3 January, 2022
Councillor complaint dismissed
A COMPLAINT by a former CEO against a Tablelands Regional councillor has been investigated and dismissed and the organisation has made it clear it wants to “move on”.
The complaint, from former CEO Bob Owen, was lodged with the Office of the Independent Assessor (OIA) in December last year, alleging that Cr David Clifton had breached the Code of Conduct for Councillors in Queensland.
He claimed the breaches occurred during a pre-agenda meeting, by sending an email on 15 December 2020, and/or during a conversation with a council officer in the days prior to a council meeting on 17 December 2020.
Mr Owen claimed Cr Clifton responded “aggressively” when he mentioned that there had been some negative public feedback about the Acting Mayor’s use of the phrase “bleeding” when referring to council’s operations and finances.
He claims Cr Clifton stated in “a loud and aggressive manner ‘why should we stop using the phrase?’, then got out of your seat, slapped yourself across the face, said ‘I need to get out of here,’ then walked out of the room”.
Cr Clifton then allegedly returned to the boardroom, “stood leaning slightly forward, with his feet apart and arms extended by his side, glaring at (Mr Owen)”.
The complaint also alleged Cr Clifton had “asked a council officer not to look at (you)” when he read out an apology during the upcoming council meeting on 17 December 2020, or he would “burst out laughing”. The apology by Cr Clifton was the outcome of a separate complaint process which was unrelated to this matter.
On 15 December, Cr Clifton sent an email to Mr Owen, which was copied to other officers, in which he expressed concerns regarding a five-year contract relating to a pilot project and “inferred” that Mr Owen had “acted improperly when signing a contract during a previous council term and in accordance with a resolution of the previous council”.
The OIA referred the matter to council to be dealt with and recommended it be referred to an external agency for investigation. The investigation was completed and a report sent to council last month.
Having considered the evidence and analysis, it was concluded there was no evidence that Councillor Clifton had engaged in inappropriate conduct.
At last week’s meeting, Tablelands Mayor Rod Marti said the matter had taken 12 months to resolve.
“This has been ongoing for 12 months to get to this point – I think it’s time we put this behind us and moved on,” he said.
Cr Clifton said the matter had led to a wide ranging investigation with interviews of many officers and councillors and had cost the TRC ratepayers a considerable sum of money.
“In addition, my sense of wellbeing and confidence has been considerably challenged,” he said.

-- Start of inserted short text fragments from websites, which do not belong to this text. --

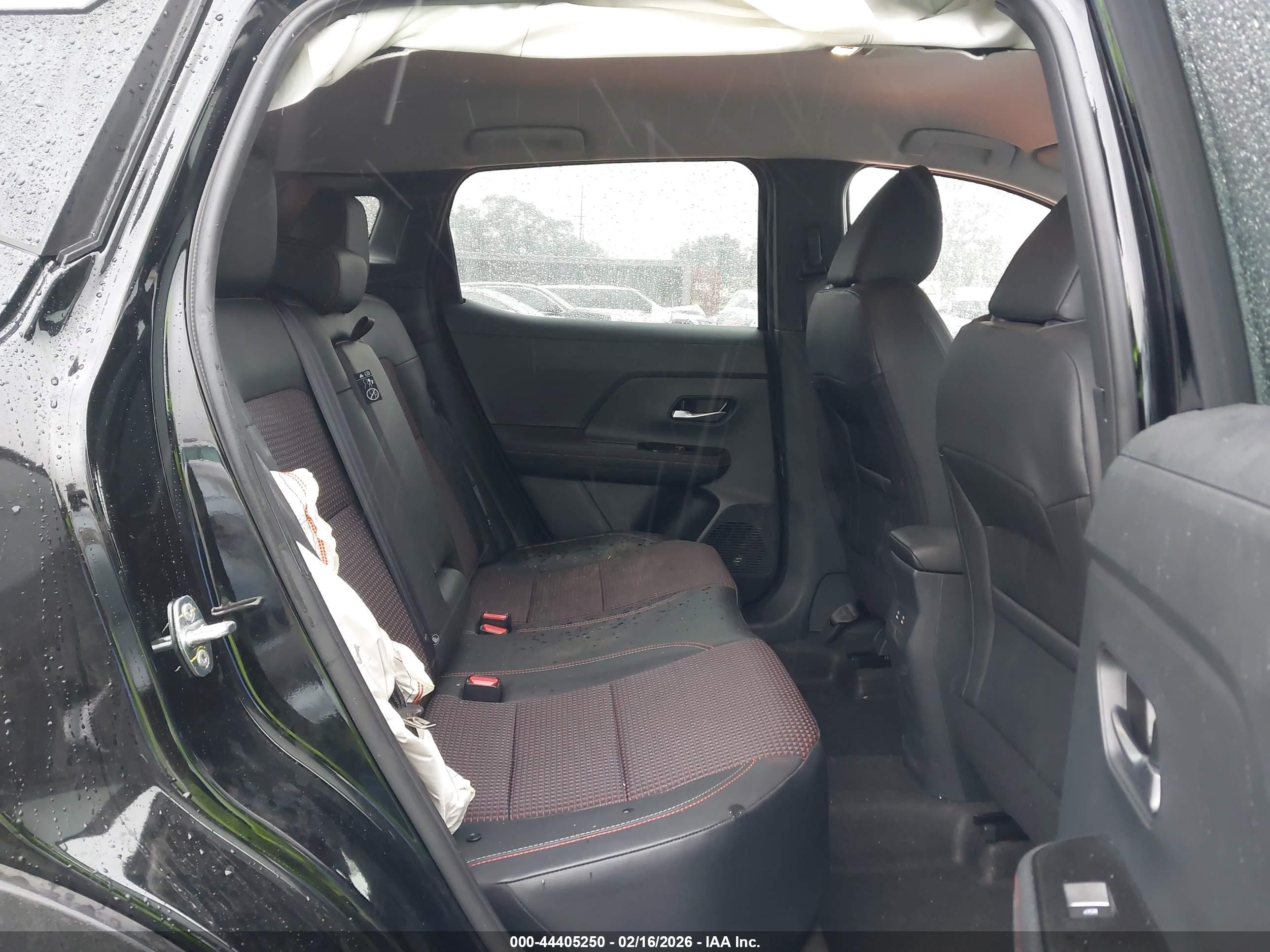 NISSAN KICKS image 8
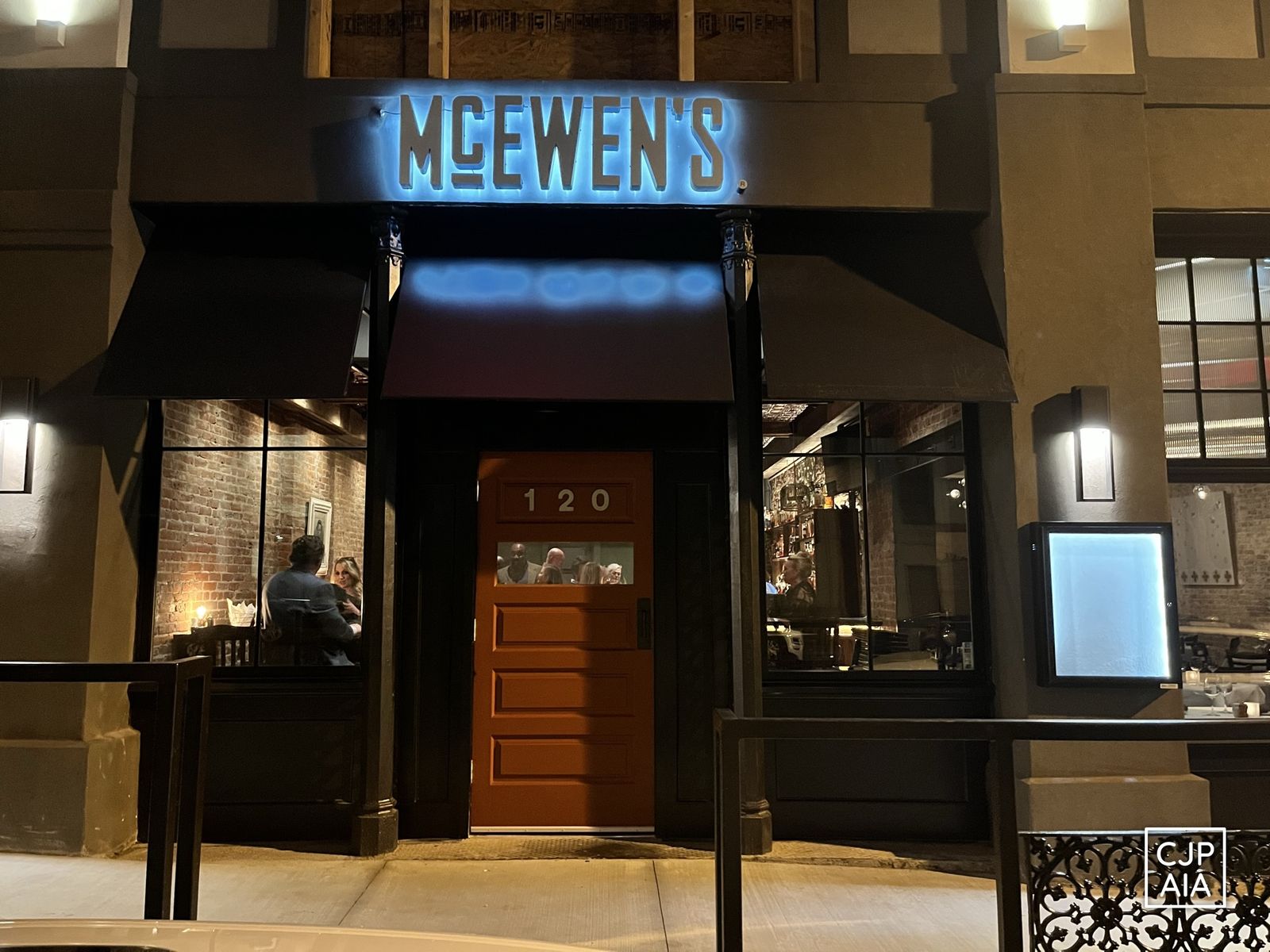 McEwen’s on Monroe / 124 Newsroom, Memphis.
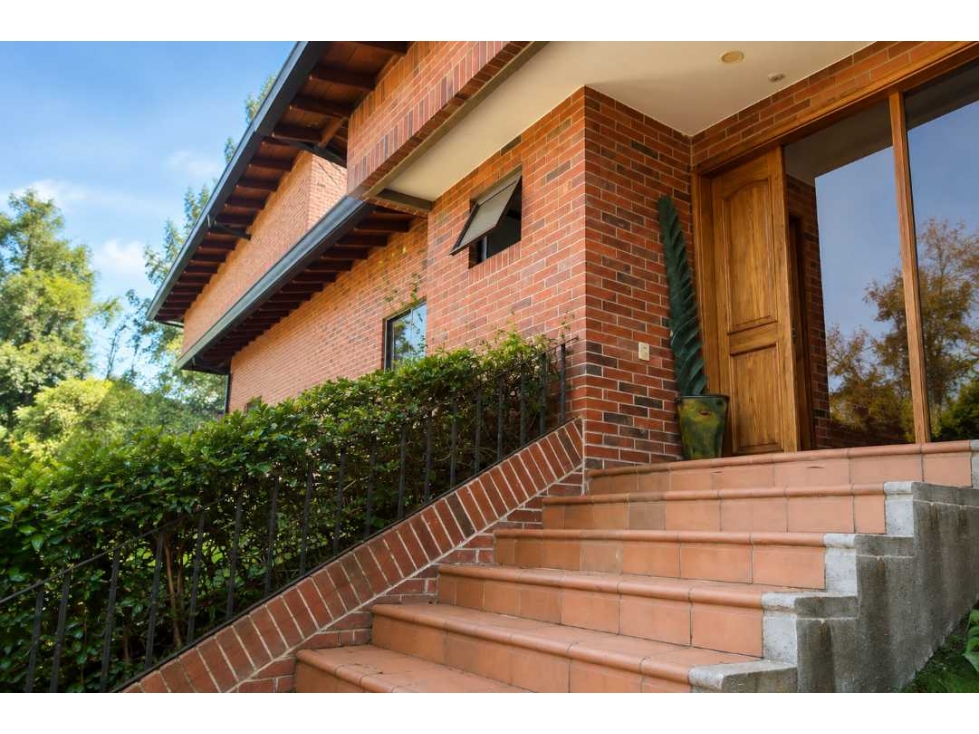 CASA EN VENTA TV. SUPERIOR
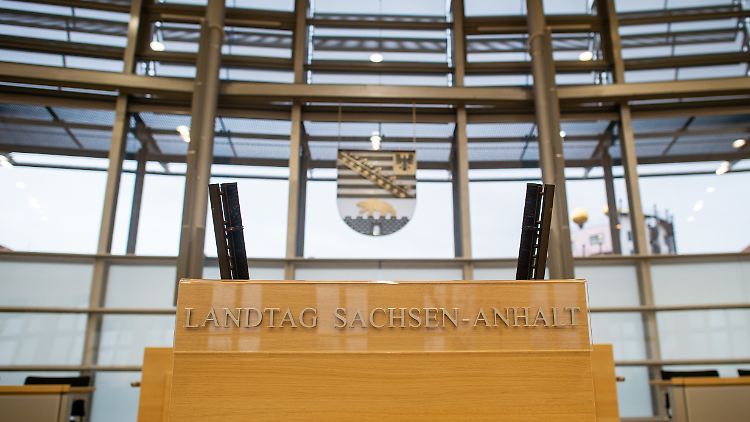 Im Magdeburger Landtag könnte erst die Erhöhung des Rundfunkbeitrages scheitern und dann die Kenia-Koalition.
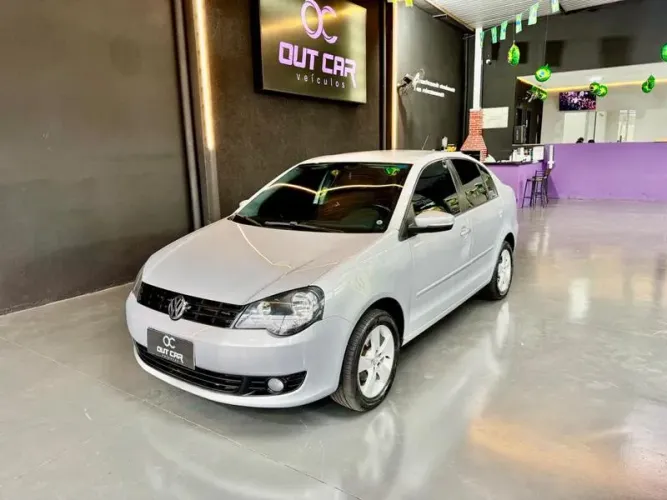 Volkswagen Polo Sedan 1.6 MI 101cv 8V 4P 2014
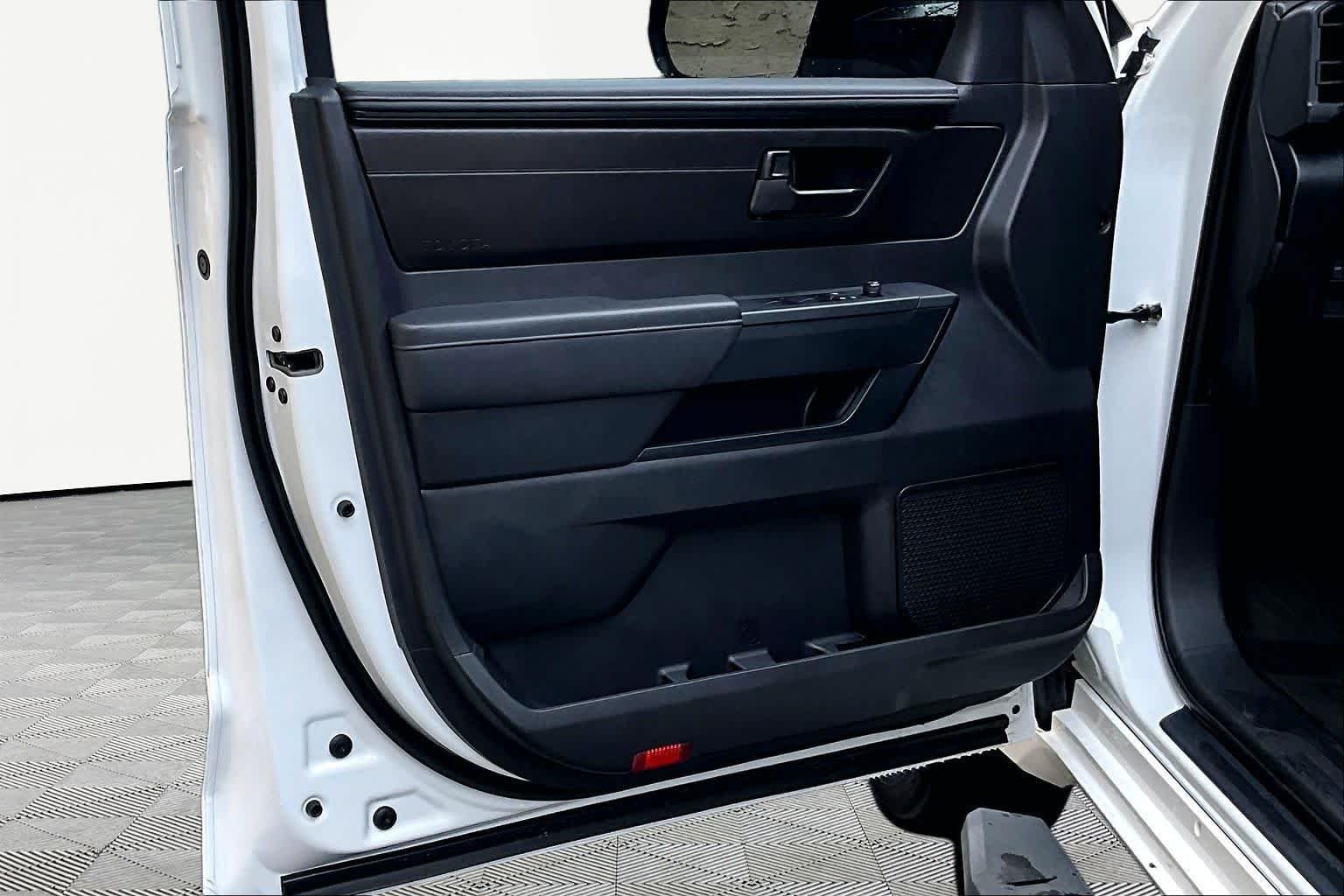 Used 2025 Ice Cap Toyota SR image 22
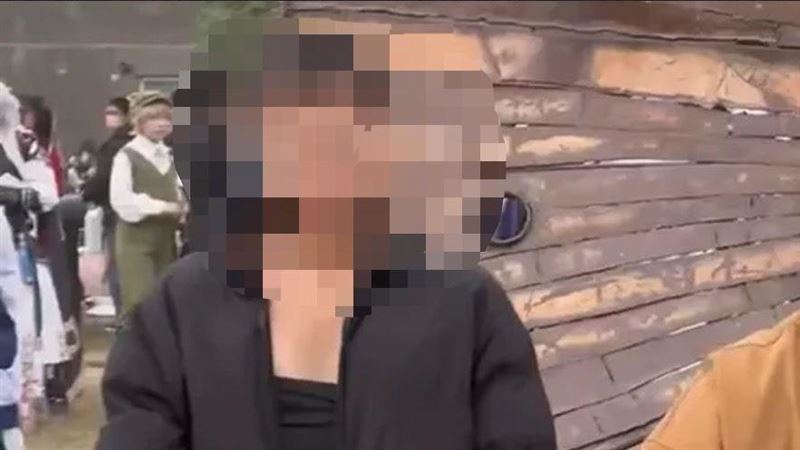 駁二動漫男看Cos手伸褲極速狂動　下場慘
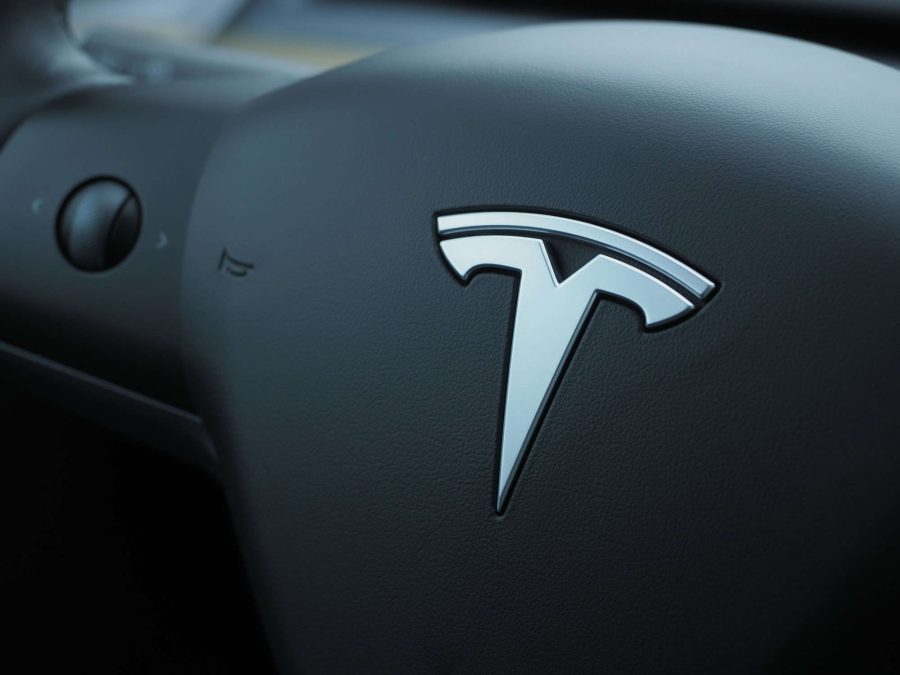 Tesla vê lucro cair enquanto investe em IA e robôs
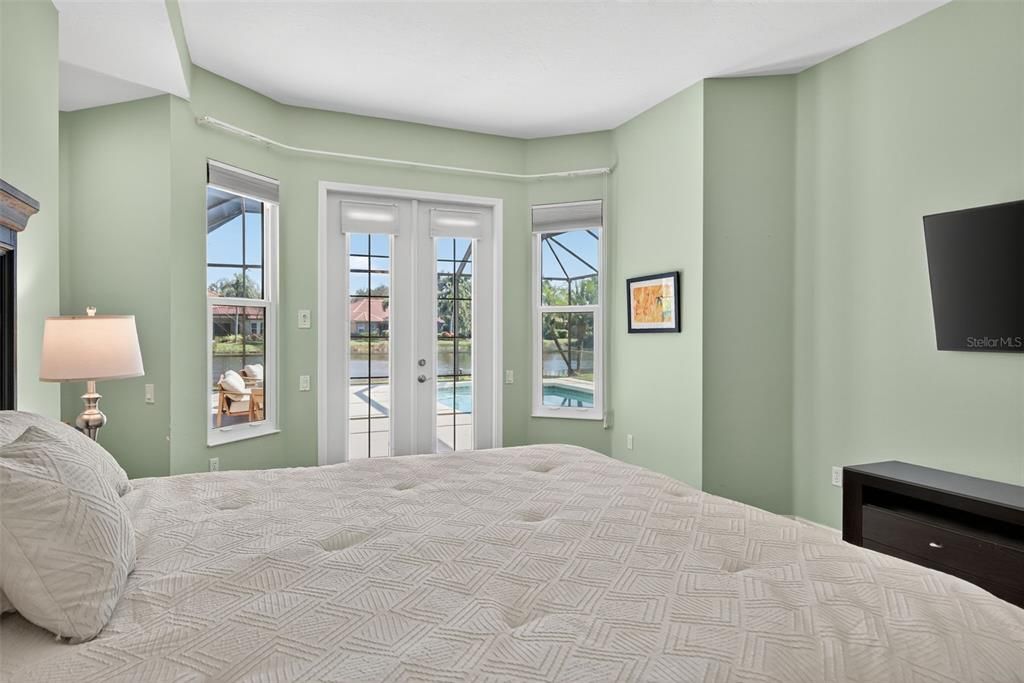 En Venta: $1,150,000 (4 camas, 3 baños, 3583 Pies cuadrados)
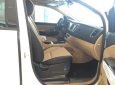Kia Sedona 2016 - Cần bán xe Kia Sedona đời 2016, màu trắng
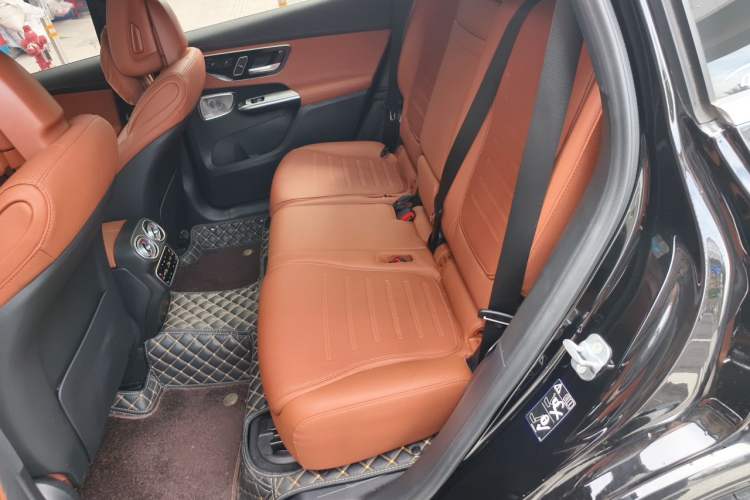 Used Mercedes-Benz GLC 2023 GLC 300 L 4MATIC Luxury 7-Seater Left Rear Seat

“I welcome the changes that we, the Council, have made in addressing some organisation and staff issues and I am confident that we are moving positively forward with trust and mutual understanding of our role in representing and supporting the TRC community.
“Elected councillors ought to be able to get on with their job of representing the community and asking the right questions without being dragged through legal channels by disgruntled officers.
“Several of the charges were really trivial and ought not have been put up by officers nor been considered by the OIA.
“Charges such as these are one of the reasons that the Office of Independent Assessment is currently undergoing an inquiry.
I’m very glad that this matter has, at last, been resolved with the decision that there was no misconduct to answer and I very much appreciate the support given me by my councillor colleagues.”